Seria algum tipo de técnica de status? Não... impossível. Essas são famosas por terem baixa taxa de sucesso — é impensável que ele tenha usado isso em cinco alvos sem falhar nenhuma vez. E ainda durou muito tempo.
Será que foi uma espécie de encantamento...? Talvez um que eu nunca vi antes? Pode ter usado algum veneno pra me paralisar, mas... ele conseguiu dissipar parte dos efeitos num instante. Deve ser algum tipo de magia...
Ela voltou à realidade depois de se perder demais nos pensamentos.
Não. Tenho que focar na minha situação. Primeiro, preciso de dinheiro pra continuar a jornada.
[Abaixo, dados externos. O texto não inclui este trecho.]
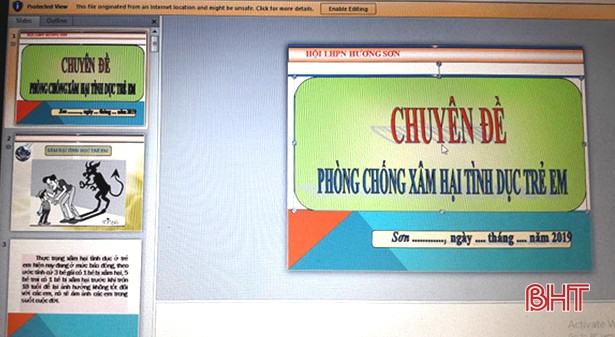 Phụ nữ miền núi Hà Tĩnh giúp trẻ em tránh xa nguy cơ bị xâm hại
Tinha ouvido rumores de que dava pra conseguir dinheiro rápido em Mils, se você soubesse jogar suas cartas direito.
Acho que vou ter que buscar informações.
Não havia mais perseguidores atrás dela, e ninguém em Mils sabia quem ela era, mas... baixar a guarda podia ser fatal.
"…"
Da próxima vez que eu deixar meu disfarce cair, não posso dar margem pro azar.
Ela respirou fundo e partiu em busca de informações. As notícias sobre as oportunidades lucrativas em Mils com certeza já tinham se espalhado para outras cidades. Ela sabia exatamente onde poderia encontrar o que precisava — na Guilda dos Mercenários.
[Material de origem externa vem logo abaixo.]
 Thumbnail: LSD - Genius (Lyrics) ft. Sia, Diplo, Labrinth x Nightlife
O prédio da Guilda dos Mercenários era marcado por uma placa de madeira entalhada, com a imagem de um pergaminho. Ela entrou no salão movimentado e várias cabeças se viraram em sua direção. Mercenárias eram raras — e geralmente chamavam a atenção errada. Escondeu o medo sob sua aparência disfarçada de humana.
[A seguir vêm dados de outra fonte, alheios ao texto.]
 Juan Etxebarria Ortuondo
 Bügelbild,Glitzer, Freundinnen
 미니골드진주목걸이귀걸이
Não sou daqui — deve ser só por isso que estão me encarando…
Ignorando os olhares, atravessou o salão até o quadro de avisos no fundo. Era ali que colocavam as missões que os membros da guilda podiam aceitar. Ela percorreu os olhos pelas opções até que fixou o olhar no maior dos cartazes.
Parece que cheguei bem na hora certa. Se isso der certo, vou conseguir cobrir meus gastos com viagem por um bom tempo… Assim que juntar o suficiente, preciso dar o fora de Mils.
Certo, hora de encontrar um lugar pra passar a noite—
Quando já se virava para sair, outro cartaz chamou sua atenção. Um dos mercenários começou a falar alto atrás dela.
— Uou, dá só uma olhada nessa recompensa!
— Tô vendo…
— Dizem que ela era uma princesa elfa superior, sabia? Aí fugiu pra ser cavaleira em algum reino estrangeiro, algo assim — disse o mercenário, coçando o queixo. Ela escutava atenta.
— É uma guerreira experiente… e ainda por cima uma beldade inacreditável! Já ouviu falar dela? Dizem que nem precisaram embelezar o rosto no cartaz!
É uma recompensa — claro que tem que parecer com o alvo.
— Heh heh… O que você faria se uma beleza dessas caísse no seu colo? — perguntou o mercenário, com um sorriso malicioso. — Nenhum dos brutamontes daqui entregaria ela sem se divertir um pouco antes.
O homem a encarava agora, examinando ela de cima a baixo.
— Ei, você também não é nada mal! Não chega no nível de uma princesa, mas não tá ruim!
Pelo visto, era isso que ele queria desde o começo.
— Que tal, hein? Quer um pouco de companhia?
Ela se virou e saiu sem dizer uma palavra. O mercenário soltou uma risada amarga.
— Não gostou de ser comparada com a realeza, é?
“…”
Ela olhou de volta por um instante, encarando o cartaz. A recompensa era alta, mas ela não teria como reivindicá-la. Seus olhos desceram até o nome impresso em letras grandes abaixo do retrato.
Seras Ashrain.
Sem dizer uma palavra, Seras Ashrain saiu do salão lotado.